NodeJS: Merge two PDF files into one using the buffer obtained by reading them

Question

I am using fill-pdf npm module for filling template pdf's and it creates new file which is read from the disk and returned as buffer to callback. I have two files for which i do the same operation. I want to combine the two buffers there by to form a single pdf file which i can send back to the client. I tried different methods of buffer concatenation. The buffer can be concatenated using Buffer.concat, like,

var newBuffer = Buffer.concat([result_pdf.output, result_pdf_new.output]);

The size of new buffer is also the sum of the size of the input buffers. But still when the newBuffer is sent to client as response, it shows only the file mentioned last in the array.

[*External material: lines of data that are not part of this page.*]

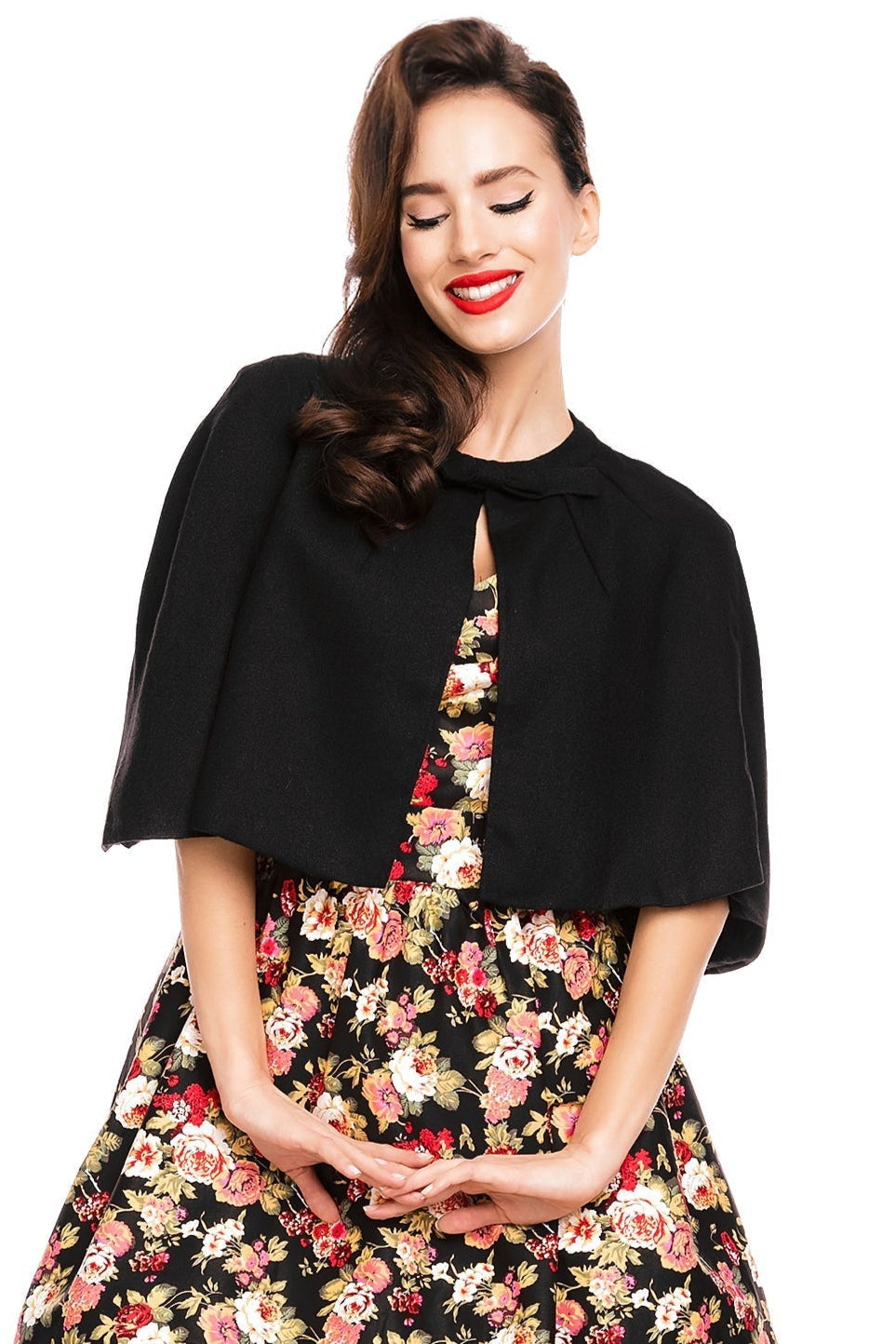 Glamorous 50s Style Cape Shrug in Black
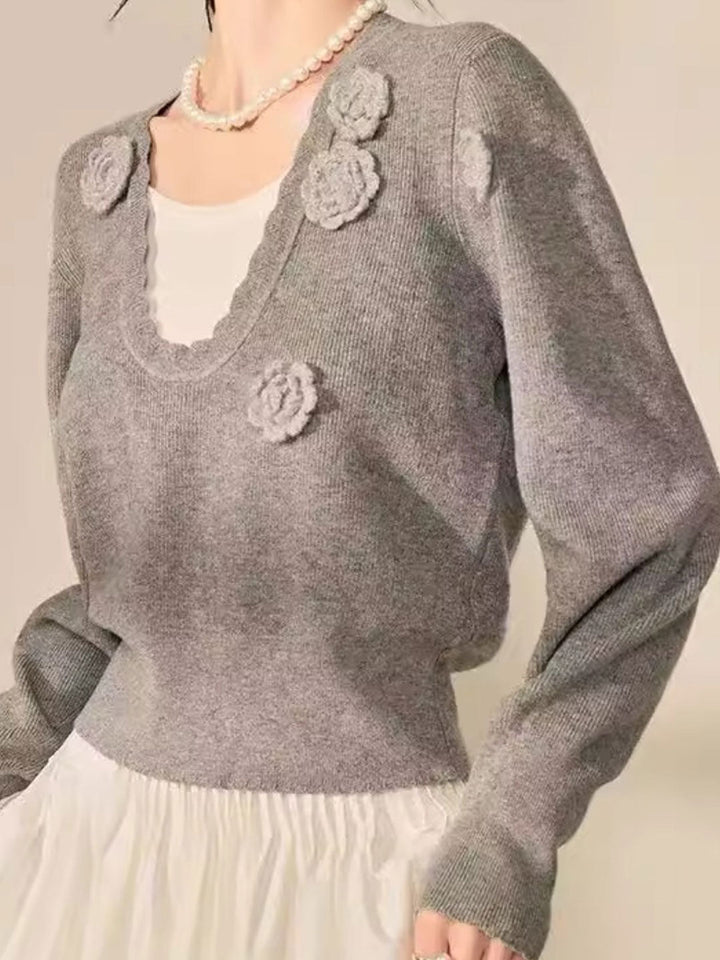 Brianna Elegant V-Neck Flower Knitted Top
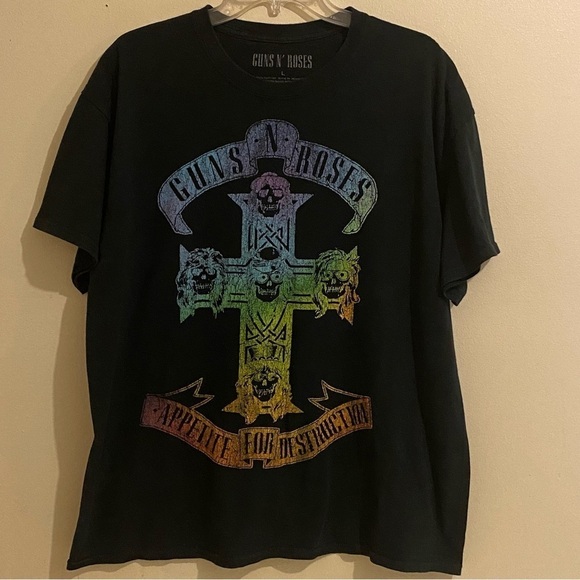 Vintage Guns And Roses Tour Shirt Appetite For Destruction Size L Short Sleeve - Picture 1 of 10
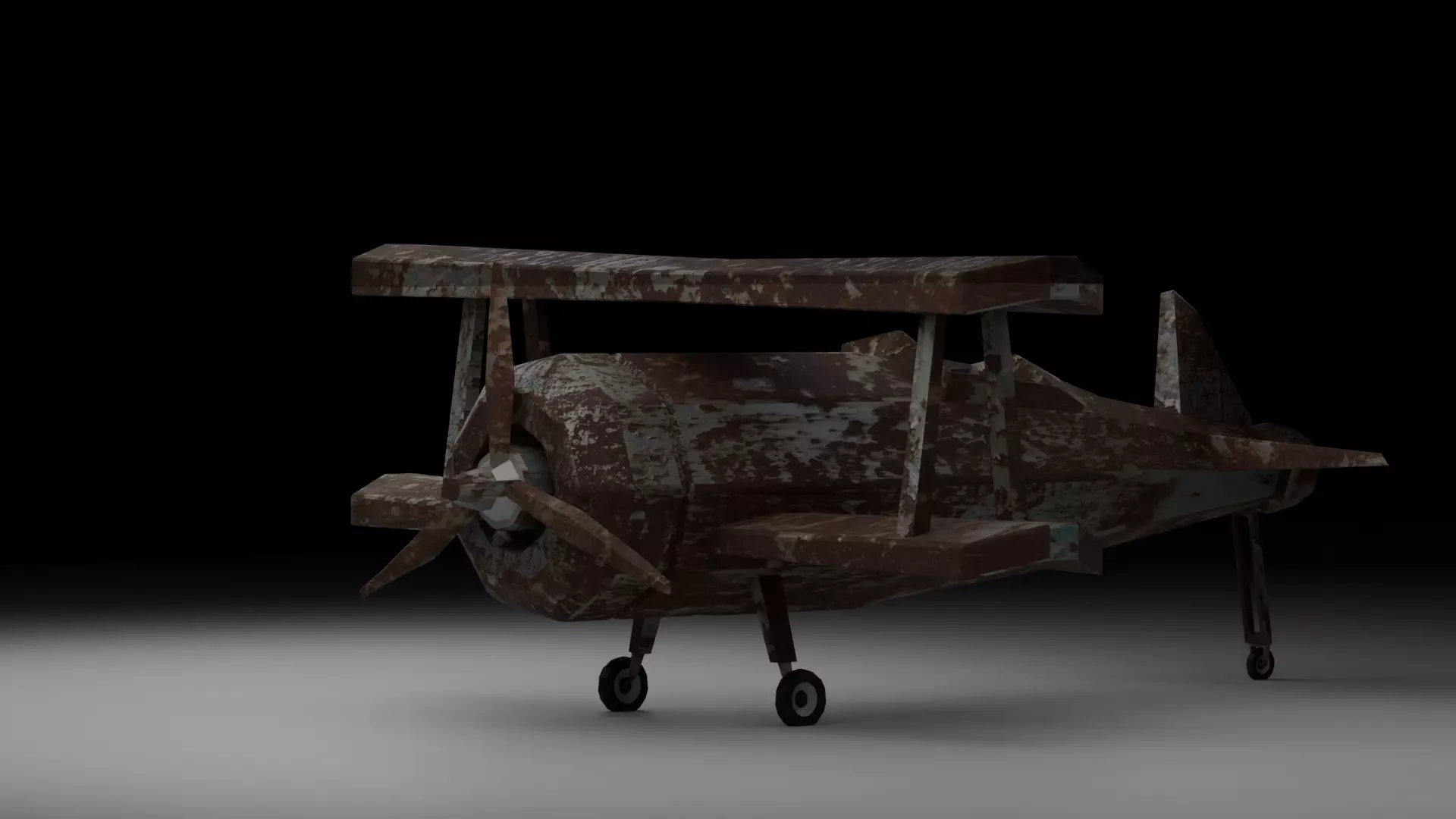 Rusty Vintage Biplane - Low-Poly 3D Model for Games  Animation Low-poly 3D model_3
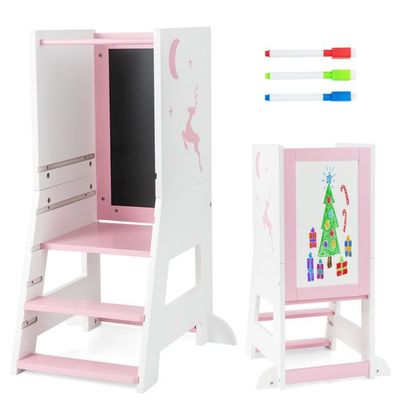 2 in 1 Kinder Lernturm mit doppelseitiger Tafel &amp; 3 verstellbare Höhen Küchenhocker Trittschemel rosa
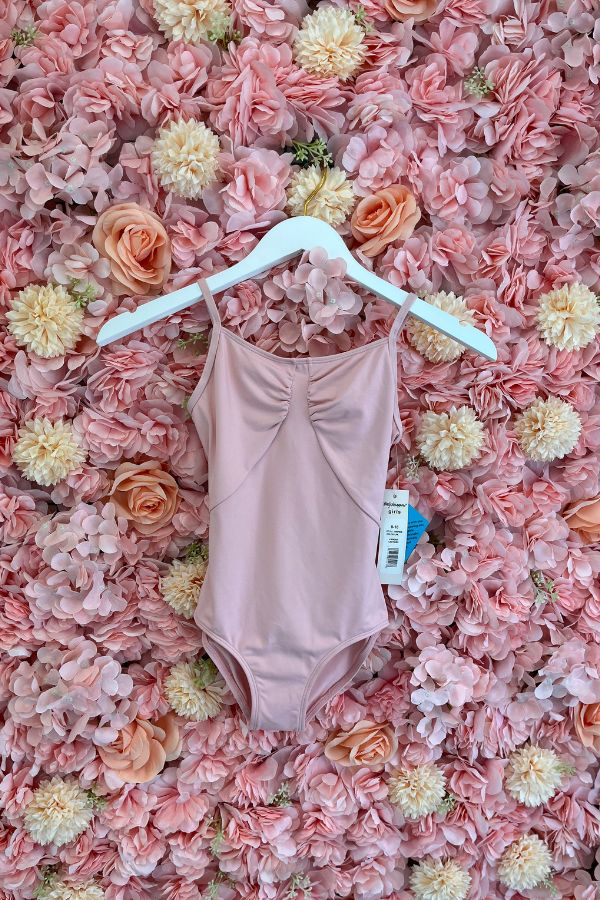 Body Wrappers Girls Gather and Twist Camisole Leotard in Light Pink Style BWP036 at The Dance Shop Long Island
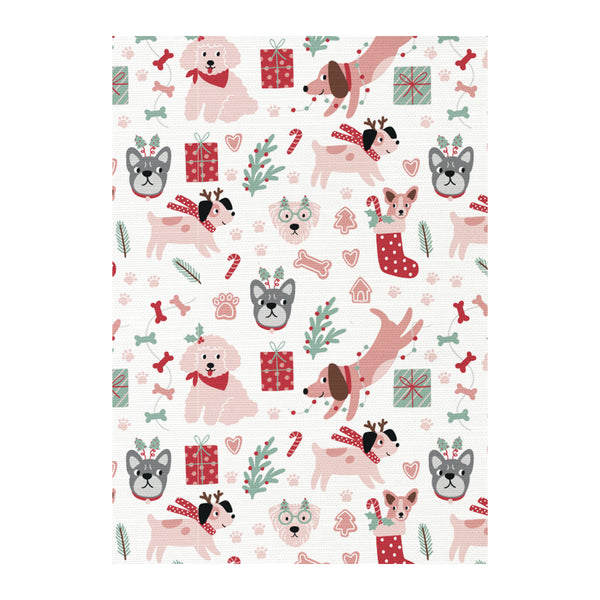 Dog Collage Christmas Tea Towel 2pk 50x70cm White Multi; ETA End July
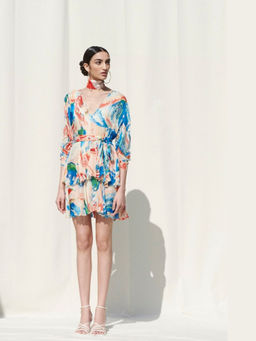 MANDIRA WIRK - Short Tierd Dress with Belt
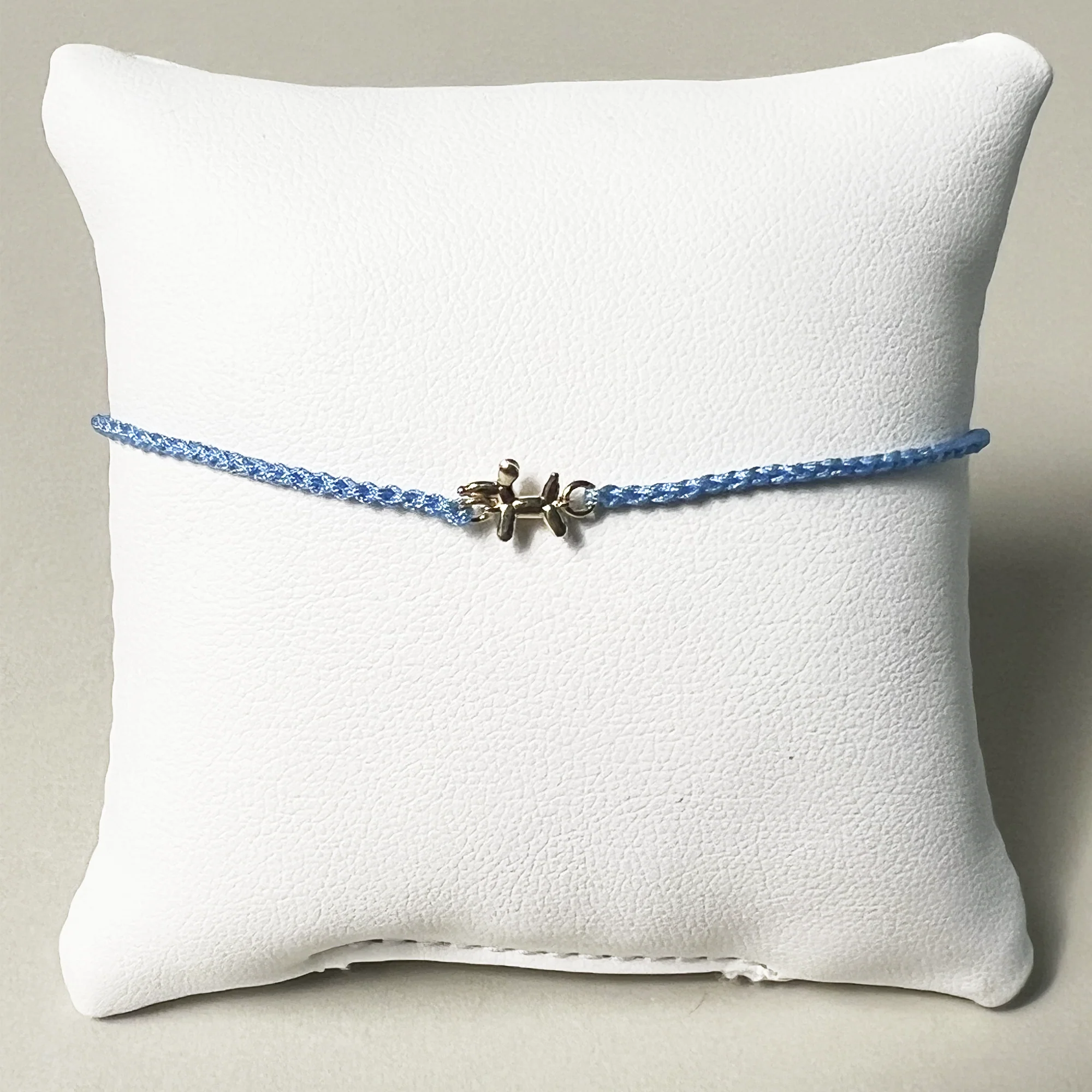 Balloon Dog Cord Bracelet | 10K Yellow Gold | Light Blue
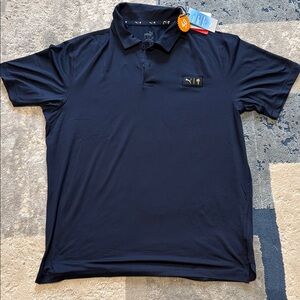 Puma Men's Navy Blue Polo with Patch Logo
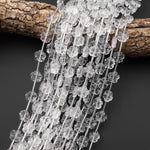 Natural Rock Quartz Crystal Hand Carved Cherry Blossom Flower Gemstone 3D 10mm Beads Strand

res.type("application/pdf");
return res.send(buffer);

Any idea ?

Possible duplicate of [Merging PDFs in Node](https://stackoverflow.com/questions/41101395/merging-pdfs-in-node) — rouan, Aug 08 '17 at 12:11

Pankaj Shinde · Answer 1 · 2020-08-05T14:49:49.597

As mentioned by @MechaCode, the creator has ended support for HummusJS.

So I would like to give you 2 solutions.

Using node-pdftk npm module

The Following sample code uses node-pdftk npm module to combine two pdf buffers seamlessly.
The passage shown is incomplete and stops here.